Dieser Erfolg von Sintracarbón soll aber nicht darüber hinwegtäuschen, dass die Tochterfirmen von Glencore weiterhin eine sehr gewerkschaftsfeindliche Politik betreiben, auch wenn das Unternehmen immer das Gegenteil beteuert. Sintramienergetica hat in den letzten Monaten verschiedene Vorfälle denunziert, wo Arbeiter, die sich der Gewerkschaft anschlossen, unter massiven Druck gesetzt wurden, von der Gewerkschaft wieder auszutreten. So wurde beispielweise ein Lokführer Mitte Juli aus dem Zug geholt und nach Barranquilla gebracht, wo er vor versammeltem Management zum Rücktritt gezwungen wurde.[5] Bei ConsorcioMinerosUnidos CMU, einer weiteren Glencore-Tochterfirma, wurde im August 2011 ein Gewerkschafter als Retorsionsmassnahme entlassen, obwohl er als Gewerkschafter Entlassungsschutz genoss.[6] Weitere Beispiele liessen sich aufzählen.
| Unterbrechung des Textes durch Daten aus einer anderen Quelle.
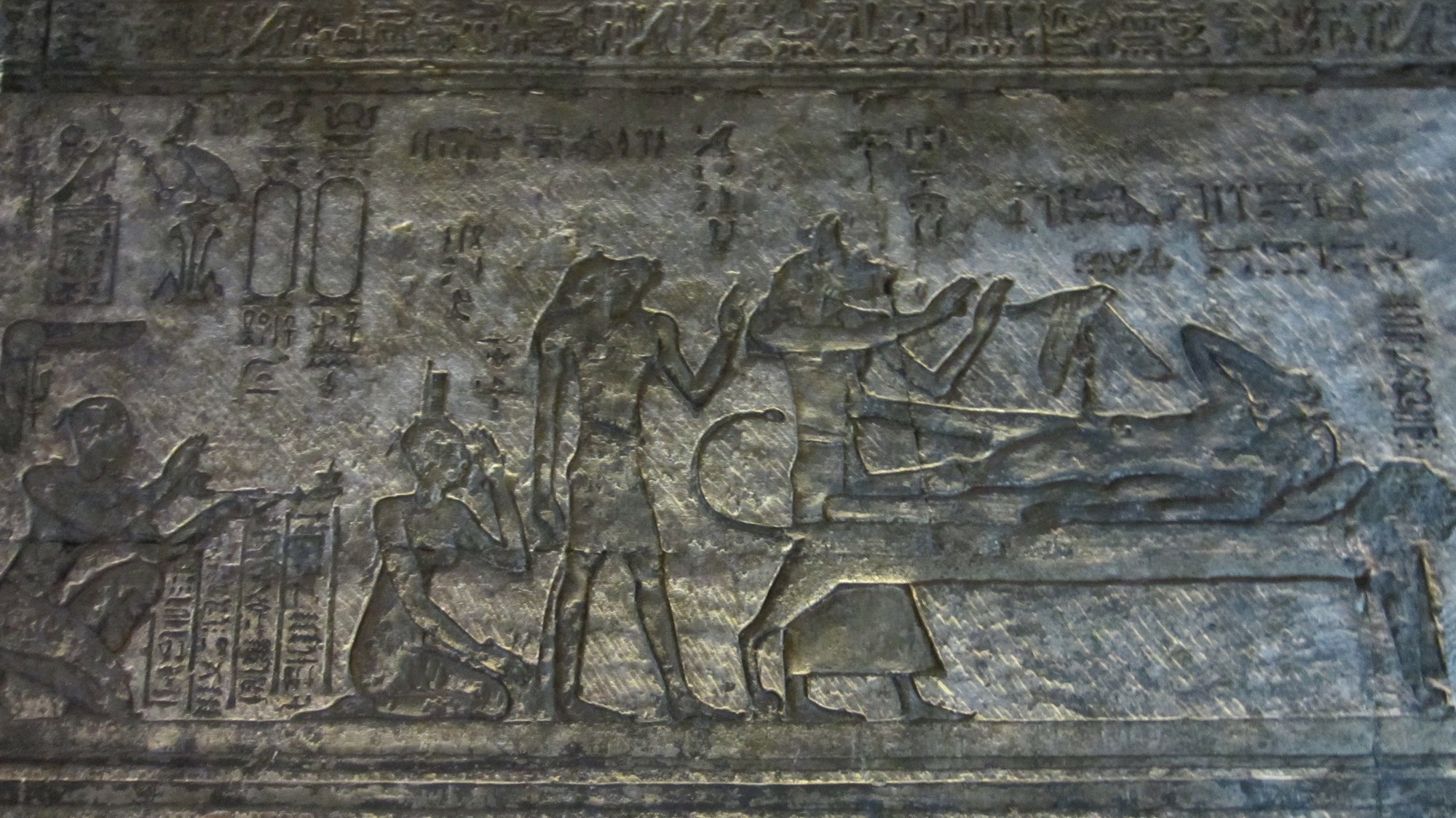 Ancient Egyptian temple relief carved in sunk relief on a chapel wall. At right the god Osiris lies recumbent and ithyphallic on a low bier; above his body the goddess Isis, in the form of a kite with outstretched wings, settles to conceive the heir. The jackal-headed god Anubis attends at the couch, and to the left a standing goddess and a kneeling goddess mourn, with a seated figure at the far edge. Columns of hieroglyphs and royal cartouches fill the field, framed by hieroglyphic border bands above and below.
Am 24. November wurde bekannt, dass am 23. November 2011 etwa um 11 Uhr vormittags der nationale Präsident von Sintramienergetica, Raul Sosa, per Telefonanruf mit dem Tod bedroht wurde. Die Nachricht war „Sosa, Sosa, du bist auf der Liste, du wirst sterben“. Angesichts früherer Morde an Gewerkschaftsführern in der Gegend, wie 2001 Valmore Locarno, Victor Orcasita und Gustavo Soler, nimmt Sintramienergetica diese Drohungen sehr ernst und fordert den Staat auf, unverzüglich Untersuchungen einzuleiten und das Recht auf Gewerkschaftsfreiheit und die Sicherheit der Gewerkschaftsführer zu garantieren.[7]


[1]Colombia: Sintracarbón declara huelga en mina Calenturitas de Glencore, ICEM Communiqué,http://www.icem.org/es/78-ICEM-InBrief/4783-Colombia:-Sintracarbón-declara-huelga-en-mina-Calenturi (http://www.icem.org/es/78-ICEM-InBrief/4783-Colombia:-Sintracarbón-declara-huelga-en-mina-Calenturi)

[2]Sintracarbón lucha contra filial de Glencore en Colombia

[3]Sintracarbón, COMUNICADO A LA BASE Y A LA OPINIÓN PÚBLICA No. 26. NUEVA CONVENCIÓN COLECTIVA DE TRABAJO EN C.I. PRODECO S.A., La Jagua, 25. November 2011.

[4]El senador Robledo respalda a los trabajadores de Prodeco, filial de la trasnacional suiza Glencore, Bogotá, 15. November 2011,  www.reclamecolombia.org/index.php

[5]“Reprochable atentado contra el derecho de asociación sindical”. Brief von Sintramienergetica Sektion Santa Marta an Garry Nagle, Santa Marta, 25. Juli 2011.

[6]OTRO ATENTADO DE LA SUIZA GLENCORE CONTRA DERECHO DE ASOCIACION SINDICAL EN COLOMBIA. Communiqué von Sintramienergetica, Barranquilla, 22. August 2011.

 

[7]Pressecommuniqué von Sintramienergetica, GRAVE AMENAZAS CONTRA EL PRESIDENTE NACIONAL DE SINTRAMIENERGÉTICA, Barranquilla, 24. November 2011.